■ Your task
Reproduce exactly, and only, the lines of the material below running from the line bearing "Broken eggshells on countertop" through the line bearing "Elan №5972124 - Quba, Quba, 8 sot". Leave any pictures out.

■ Listed records

========

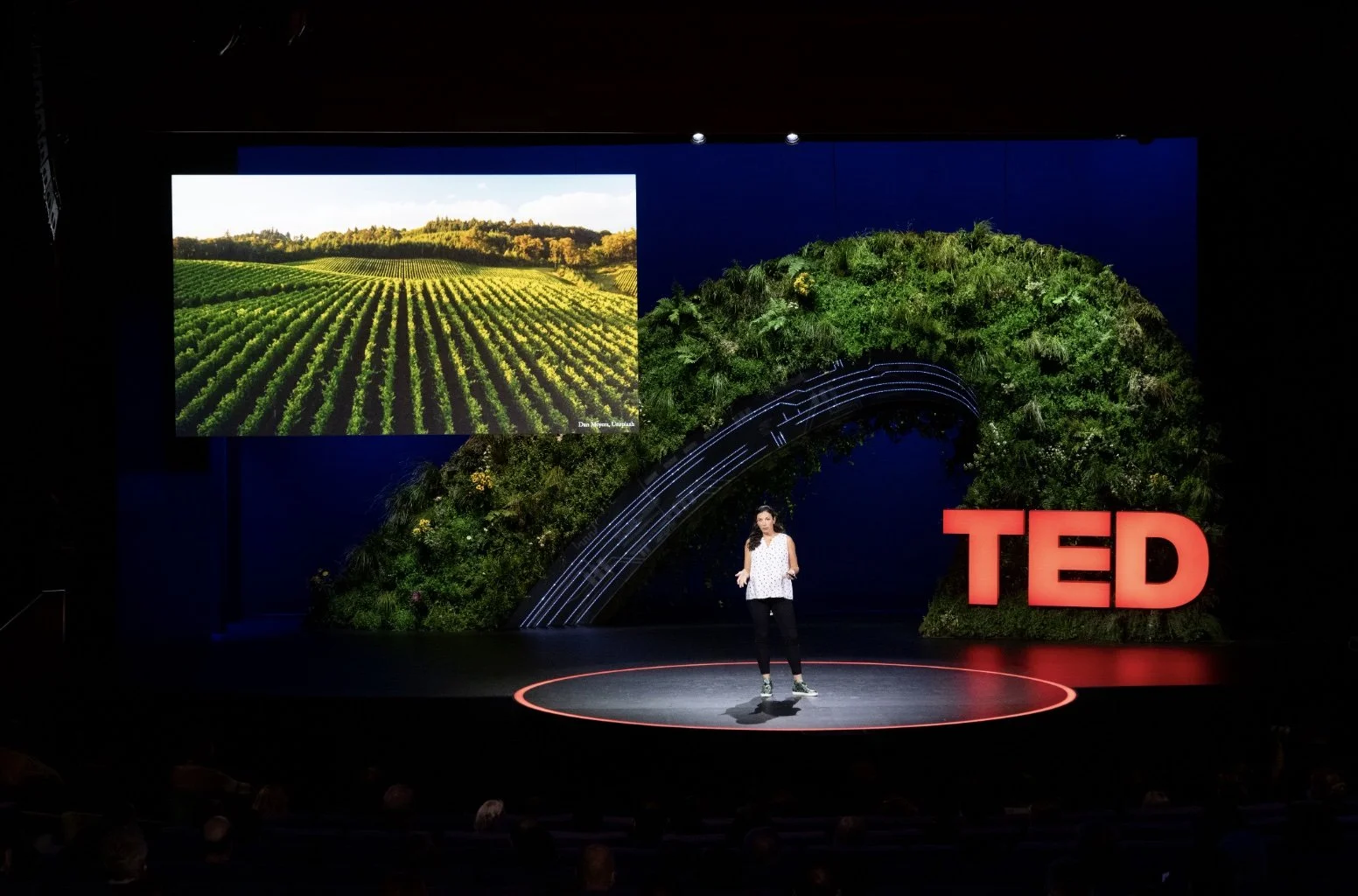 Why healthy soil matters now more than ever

========

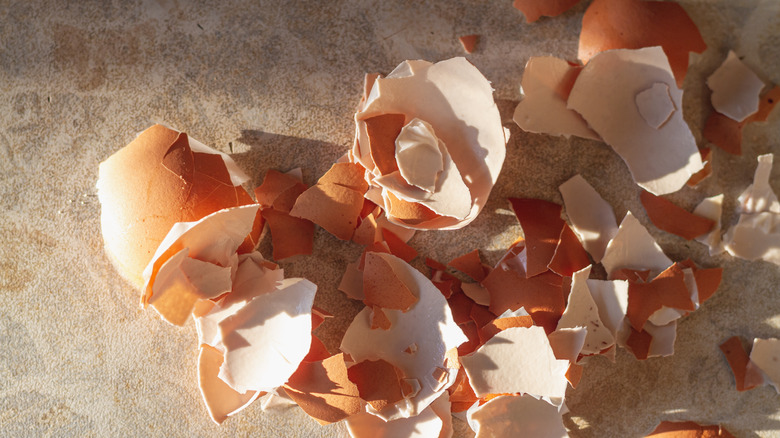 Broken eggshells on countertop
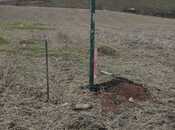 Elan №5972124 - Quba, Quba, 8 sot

========

■ Solution for this task
 Broken eggshells on countertop
 Elan №5972124 - Quba, Quba, 8 sot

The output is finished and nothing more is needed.